*** Begin section ***

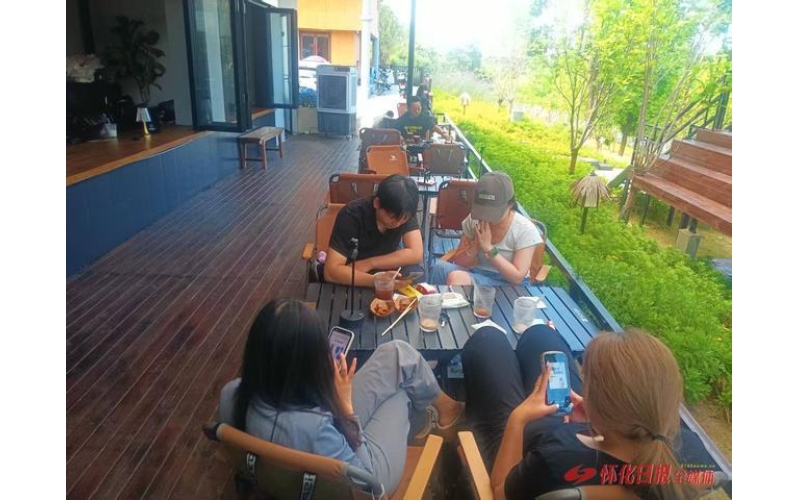 东盟集休闲业态升级 市民乐享河畔咖啡慢时光ASEAN leisure industry upgrade, citizens enjoy riverside coffee, slow time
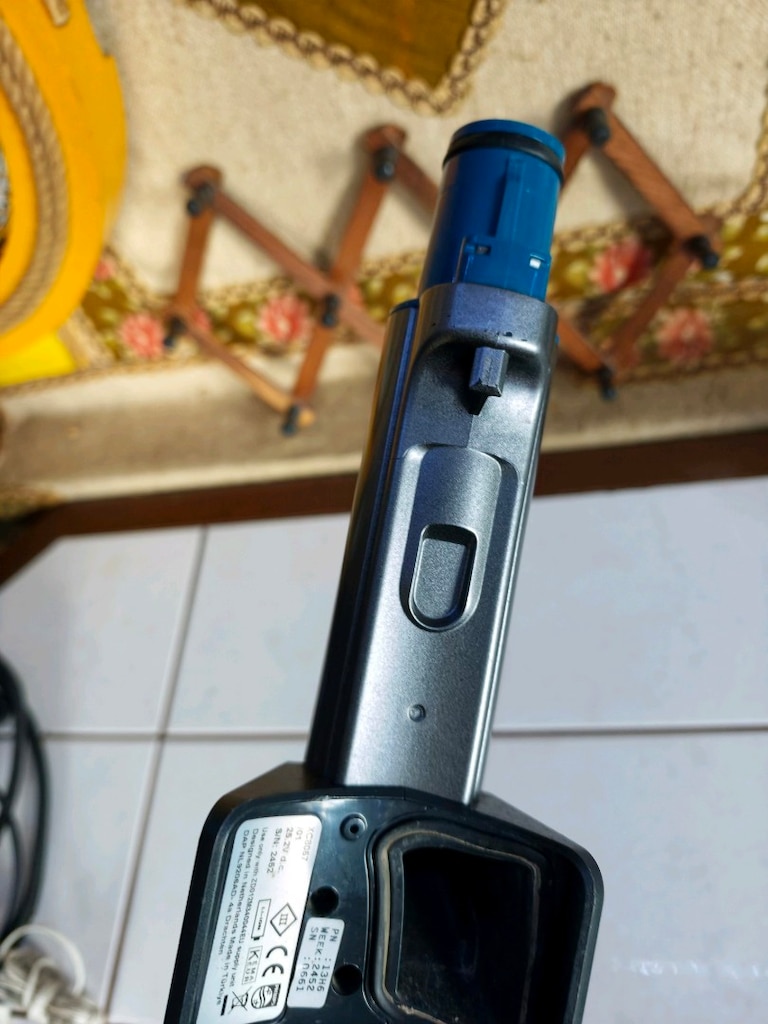Philips 8000 Serisi Aqua Plus kablosuz dikey şarjlı süpürge XC8057/01 - 7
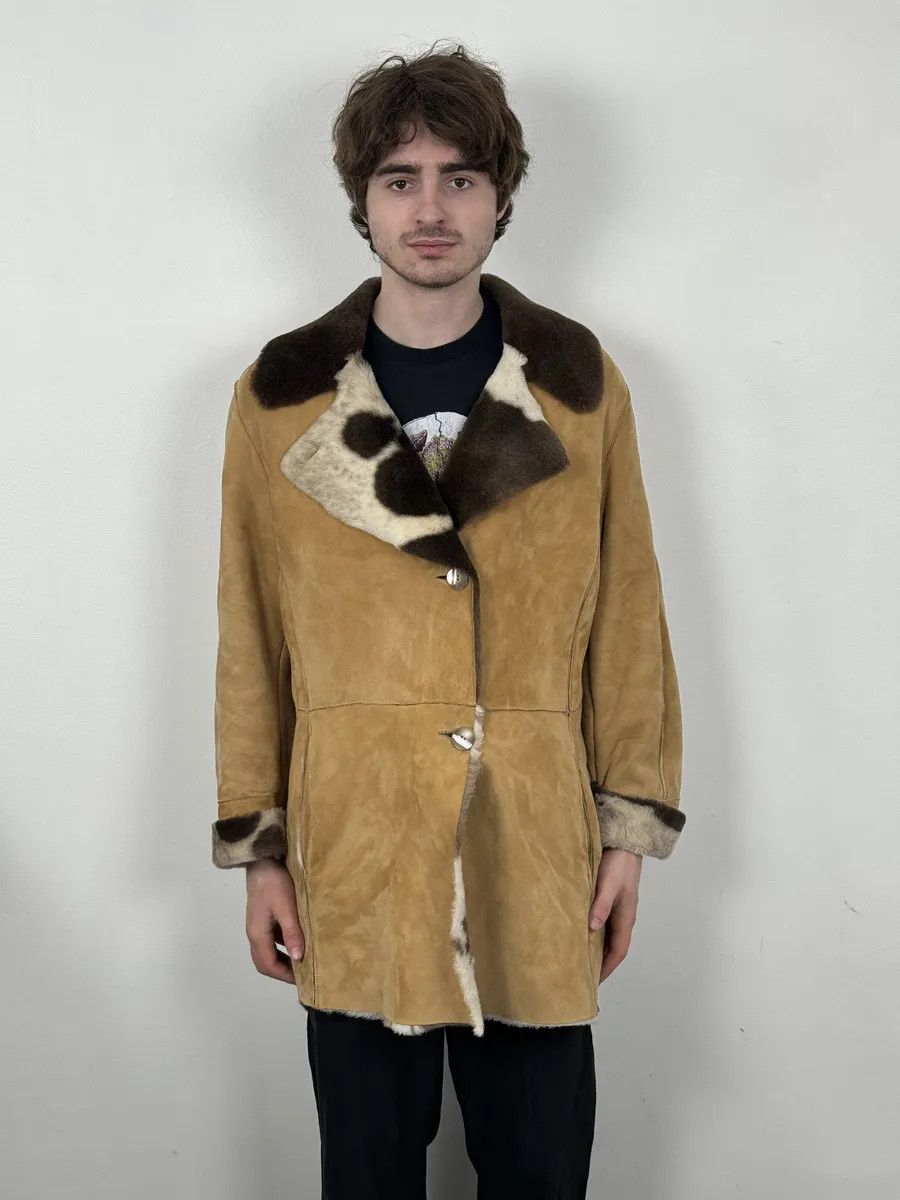 Versace 2000s Versace Beige Leather Fur Collar Cow Effect Coat Size US S / EU 44-46 / 1 - 4 Thumbnail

*** End section ***

◆ **Activity**: Images should not appear in the copy; retype the listing above exactly.

◆ **Exercise result**:
 东盟集休闲业态升级 市民乐享河畔咖啡慢时光ASEAN leisure industry upgrade, citizens enjoy riverside coffee, slow time
Philips 8000 Serisi Aqua Plus kablosuz dikey şarjlı süpürge XC8057/01 - 7
 Versace 2000s Versace Beige Leather Fur Collar Cow Effect Coat Size US S / EU 44-46 / 1 - 4 Thumbnail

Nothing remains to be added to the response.